## TASK TO CARRY OUT
Using the records below, write out again exactly the lines that begin at the line containing "Bouton De Porte" and end at the line containing "Studie draperie a", and no other lines.

## THE DATA
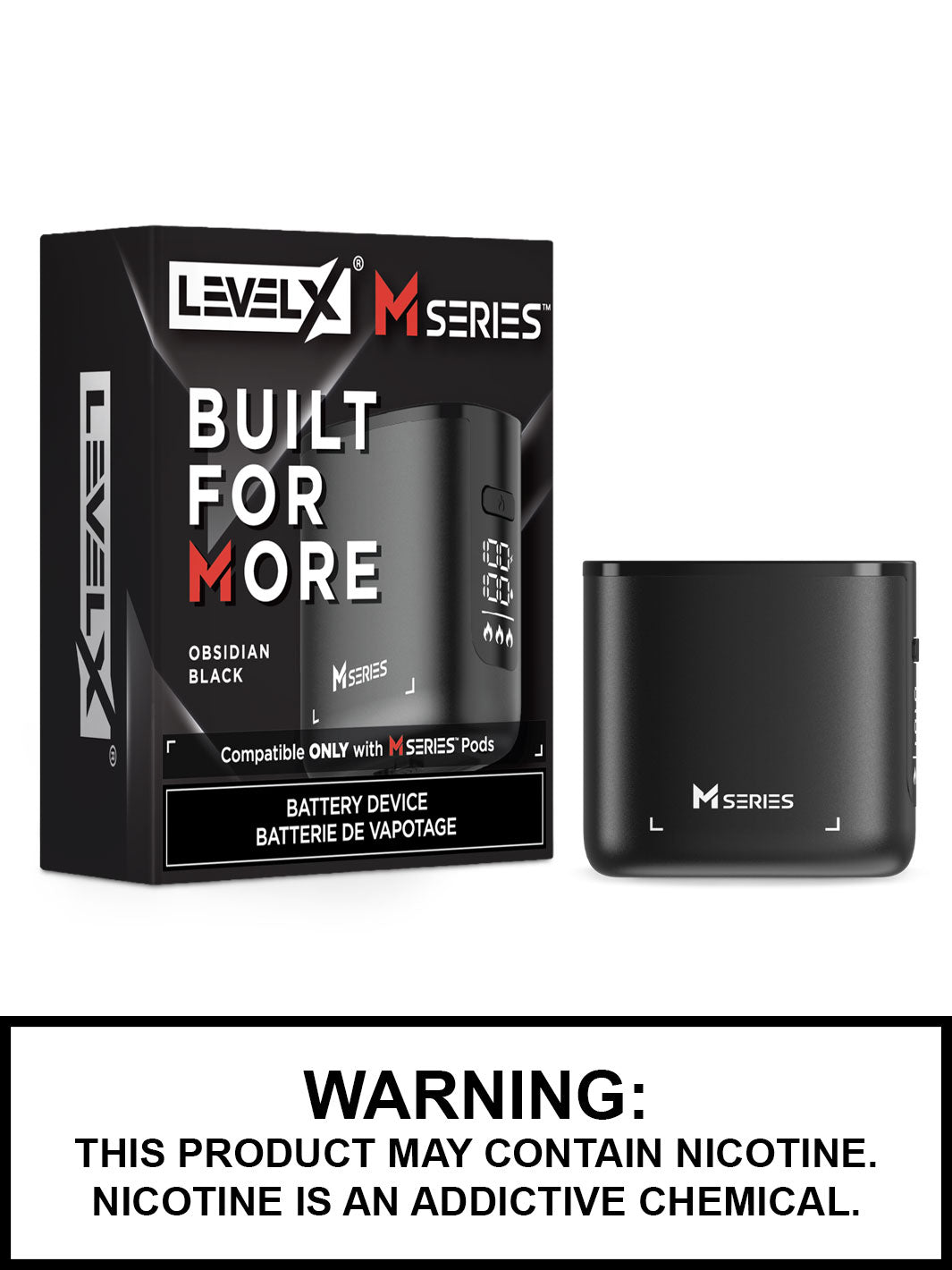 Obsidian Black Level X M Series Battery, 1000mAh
--
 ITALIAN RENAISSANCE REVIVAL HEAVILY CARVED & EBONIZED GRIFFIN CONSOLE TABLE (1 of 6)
* * *
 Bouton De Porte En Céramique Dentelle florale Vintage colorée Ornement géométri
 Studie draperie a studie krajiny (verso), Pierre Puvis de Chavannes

## EXPECTED OUTPUT
 Bouton De Porte En Céramique Dentelle florale Vintage colorée Ornement géométri
 Studie draperie a studie krajiny (verso), Pierre Puvis de Chavannes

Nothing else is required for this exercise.